Bienvenue dans mon chez-moi virtuel, un petit blog sans autre importance que celle des mots... Poésie classique, japonaise, libre ou en prose, toute ma passion pour l'écriture s'y retrouve ! Poésie, quand tu nous tiens !
Le temps est une trahison. Il défait le jour le long travail des nuits ; il glisse à entre nos doigts comme à la mer le soleil au point du jour... Et l'on se voit bien triste au matin, quand il faut reprendre le fil de l'ennui, avec plus de rêves que de souvenirs – quelle évasion !

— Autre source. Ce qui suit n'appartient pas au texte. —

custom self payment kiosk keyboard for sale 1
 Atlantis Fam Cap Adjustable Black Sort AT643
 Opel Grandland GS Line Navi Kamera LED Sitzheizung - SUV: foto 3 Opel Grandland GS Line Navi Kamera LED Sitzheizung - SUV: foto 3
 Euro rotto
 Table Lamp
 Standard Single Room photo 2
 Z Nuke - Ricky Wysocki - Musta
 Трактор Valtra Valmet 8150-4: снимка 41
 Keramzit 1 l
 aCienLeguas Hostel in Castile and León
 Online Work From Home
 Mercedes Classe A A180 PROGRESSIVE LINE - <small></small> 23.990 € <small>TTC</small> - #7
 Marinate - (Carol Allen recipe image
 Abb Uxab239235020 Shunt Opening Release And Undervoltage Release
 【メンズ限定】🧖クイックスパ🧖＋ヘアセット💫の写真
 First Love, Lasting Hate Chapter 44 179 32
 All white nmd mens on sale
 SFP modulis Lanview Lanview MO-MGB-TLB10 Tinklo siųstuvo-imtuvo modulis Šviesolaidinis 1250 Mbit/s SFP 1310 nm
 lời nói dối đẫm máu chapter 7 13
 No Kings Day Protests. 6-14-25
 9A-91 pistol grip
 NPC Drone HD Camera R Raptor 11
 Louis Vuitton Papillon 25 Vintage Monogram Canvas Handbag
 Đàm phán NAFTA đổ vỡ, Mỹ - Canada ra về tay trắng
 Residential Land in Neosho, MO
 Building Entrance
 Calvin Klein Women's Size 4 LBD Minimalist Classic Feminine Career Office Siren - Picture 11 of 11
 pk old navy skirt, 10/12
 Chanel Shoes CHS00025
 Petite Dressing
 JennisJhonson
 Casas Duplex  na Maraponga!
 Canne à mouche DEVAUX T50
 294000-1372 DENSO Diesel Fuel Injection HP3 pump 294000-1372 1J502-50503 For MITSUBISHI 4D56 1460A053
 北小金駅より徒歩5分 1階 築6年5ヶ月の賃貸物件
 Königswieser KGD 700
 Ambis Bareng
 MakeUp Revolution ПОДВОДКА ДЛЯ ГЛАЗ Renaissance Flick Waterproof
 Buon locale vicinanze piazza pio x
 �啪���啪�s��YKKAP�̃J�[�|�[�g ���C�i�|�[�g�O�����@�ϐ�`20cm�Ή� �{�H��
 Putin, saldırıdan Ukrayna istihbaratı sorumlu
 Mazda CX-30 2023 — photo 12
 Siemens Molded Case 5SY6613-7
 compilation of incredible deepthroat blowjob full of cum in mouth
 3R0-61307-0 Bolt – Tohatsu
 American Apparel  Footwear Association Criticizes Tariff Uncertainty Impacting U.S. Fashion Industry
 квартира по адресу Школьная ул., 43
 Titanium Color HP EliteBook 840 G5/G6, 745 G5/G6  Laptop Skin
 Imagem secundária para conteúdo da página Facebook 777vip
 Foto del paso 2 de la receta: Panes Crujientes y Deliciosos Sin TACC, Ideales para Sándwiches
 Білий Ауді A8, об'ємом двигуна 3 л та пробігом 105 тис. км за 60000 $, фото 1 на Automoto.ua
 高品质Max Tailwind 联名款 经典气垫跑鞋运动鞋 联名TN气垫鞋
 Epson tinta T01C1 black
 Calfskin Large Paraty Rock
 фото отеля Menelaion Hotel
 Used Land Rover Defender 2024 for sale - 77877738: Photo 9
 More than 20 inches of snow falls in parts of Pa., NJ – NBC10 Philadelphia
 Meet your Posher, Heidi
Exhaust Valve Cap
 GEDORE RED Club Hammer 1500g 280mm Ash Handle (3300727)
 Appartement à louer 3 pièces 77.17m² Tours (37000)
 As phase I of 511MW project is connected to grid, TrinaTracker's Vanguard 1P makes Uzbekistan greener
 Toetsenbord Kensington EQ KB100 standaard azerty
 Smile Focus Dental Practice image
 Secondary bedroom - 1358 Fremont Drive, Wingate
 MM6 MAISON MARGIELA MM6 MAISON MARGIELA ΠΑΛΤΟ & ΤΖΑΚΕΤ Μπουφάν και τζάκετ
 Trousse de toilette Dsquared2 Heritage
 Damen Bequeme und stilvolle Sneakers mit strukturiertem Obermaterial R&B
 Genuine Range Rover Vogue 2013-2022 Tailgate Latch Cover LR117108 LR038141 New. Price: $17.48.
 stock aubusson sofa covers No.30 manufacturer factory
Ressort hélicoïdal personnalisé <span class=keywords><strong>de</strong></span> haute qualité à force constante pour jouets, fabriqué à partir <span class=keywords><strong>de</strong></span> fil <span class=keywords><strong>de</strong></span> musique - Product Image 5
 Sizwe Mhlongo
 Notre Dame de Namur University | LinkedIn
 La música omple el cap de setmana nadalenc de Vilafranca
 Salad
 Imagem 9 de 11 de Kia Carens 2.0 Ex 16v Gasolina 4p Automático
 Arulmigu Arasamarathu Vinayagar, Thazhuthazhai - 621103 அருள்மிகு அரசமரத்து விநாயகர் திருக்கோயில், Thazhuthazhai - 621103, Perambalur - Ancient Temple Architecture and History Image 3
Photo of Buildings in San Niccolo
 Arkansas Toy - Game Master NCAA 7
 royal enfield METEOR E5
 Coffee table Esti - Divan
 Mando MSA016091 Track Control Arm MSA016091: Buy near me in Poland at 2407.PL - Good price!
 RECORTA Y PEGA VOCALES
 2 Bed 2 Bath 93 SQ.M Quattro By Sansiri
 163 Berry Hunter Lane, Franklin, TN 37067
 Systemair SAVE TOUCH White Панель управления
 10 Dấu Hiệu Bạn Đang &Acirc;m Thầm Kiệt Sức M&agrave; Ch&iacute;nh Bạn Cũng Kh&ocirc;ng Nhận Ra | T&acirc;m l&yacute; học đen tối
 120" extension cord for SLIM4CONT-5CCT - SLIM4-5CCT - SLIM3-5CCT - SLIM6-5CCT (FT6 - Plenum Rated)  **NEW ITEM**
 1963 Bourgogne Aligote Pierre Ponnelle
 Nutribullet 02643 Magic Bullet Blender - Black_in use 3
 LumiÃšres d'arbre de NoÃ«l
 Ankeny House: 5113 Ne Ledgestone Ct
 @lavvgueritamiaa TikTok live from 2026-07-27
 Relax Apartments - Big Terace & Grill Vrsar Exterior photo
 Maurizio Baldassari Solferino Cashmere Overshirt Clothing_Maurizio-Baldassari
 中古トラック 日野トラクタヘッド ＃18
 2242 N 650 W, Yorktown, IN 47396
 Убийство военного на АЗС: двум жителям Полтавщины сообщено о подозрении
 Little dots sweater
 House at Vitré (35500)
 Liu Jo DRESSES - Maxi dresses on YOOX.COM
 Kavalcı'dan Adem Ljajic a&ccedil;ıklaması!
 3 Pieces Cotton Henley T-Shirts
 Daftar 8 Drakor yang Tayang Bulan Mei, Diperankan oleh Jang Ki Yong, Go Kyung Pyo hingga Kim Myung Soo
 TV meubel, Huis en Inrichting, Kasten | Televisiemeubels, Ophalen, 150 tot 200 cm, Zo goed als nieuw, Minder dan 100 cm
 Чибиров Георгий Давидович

Je ne sais plus où j'étais, à quelle heure, quelle saison... Il y avait une foule d'ombres connus, peut-être autour d'un banquet, peut-être sur la pelouse soignée d'un golf – ce pouvait être en mille endroits différents... Ma seule certitude c'est Elle. Elle était là, à portée le voix – à portée de lèvres –, elle était là. Il y avait moi, pas plus sot qu'à l'ordinaire, pas plus hardi. J'attendais un geste, j'attendais un silence, un regard ; le même bal, toujours. C'était peut-être un banquet, quelque jour de fête. La fin de mes espoirs, qui sait.
Il était là aussi. Droit, le menton impeccablement carré, l'œil profondément bleu, la mèche improbablement cendrée – pourquoi lui ? Il devisait en une langue muette, récitait des prières sacrilèges, brûlait déjà de jubilation devant le complot à accomplir, l'infâme ! Elle était là. J'étais là aussi. Je ne le savais pas, je n'avais d'yeux que pour elle.
Tout s'est joué très vite. J'étais parti, revenu ; le banquet levait le camp. Ils étaient là. Corps à corps. Lèvre à lèvre.
Ô mémoire, ô matin de tendre guerre, à lutter contre le souvenir, à n'en garder que la marque brûlante et la honte de soi ! Ils étaient l'un à l'autre, elle buvait à sa bouche le petit lait des jours heureux. Et moi je rengorgeais le vin amer de mes regrets, la seule salive qu'il m'ait jamais été donné de sécréter, la saveur même de l'amour...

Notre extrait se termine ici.